Nous proposons également de réfléchir non seulement au montant de la flat tax pour la rapprocher des 33 %, mais aussi à son assiette. Nul n'ignore que je plaide pour davantage de barémisation de l'imposition de tous les revenus, mais j'ai suivi le président Mattei conformément à l'adage selon lequel un petit pas vaut mieux que mille programmes.

S'agissant des holdings et de leur défaut de transparence, il importera d'identifier des solutions visant à empêcher l'évitement fiscal manifeste par la remontée de dividendes.

Toutefois, nous manquons de données fiables sur certains dispositifs, notamment le pacte Dutreil. Nous demandons donc à l'administration de se doter des outils et des moyens nécessaires pour objectiver ces dispositifs et mieux les calibrer.

Enfin, nous avons abordé un sujet qui ne fait absolument pas l'objet d'un consensus, à savoir la proposition d'instaurer une imposition du flux successoral qui, à mon sens, constitue un outil pertinent pour lutter contre une société de l'héritage. Je pense que ce sujet ne doit pas être laissé en jachère et je ne doute pas que certains sauront s'y intéresser.

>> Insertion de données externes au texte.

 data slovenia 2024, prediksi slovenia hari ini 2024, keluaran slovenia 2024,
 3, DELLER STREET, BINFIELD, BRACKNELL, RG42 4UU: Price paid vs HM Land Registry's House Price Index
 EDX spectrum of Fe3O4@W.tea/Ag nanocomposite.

Ce sont, dessinées à grands traits, les lignes de force de ce rapport. Prenons-le pour ce qu'il est, à savoir un rapport et non pas une proposition de loi, bien qu'il puisse s'avérer judicieux d'en tirer quelques propositions de loi. Ce rapport consolide les données chiffrées sur plusieurs dizaines d'années et permet à chacun de l'utiliser pour que la fiscalité sur le patrimoine soit plus juste, plus utile et plus efficace.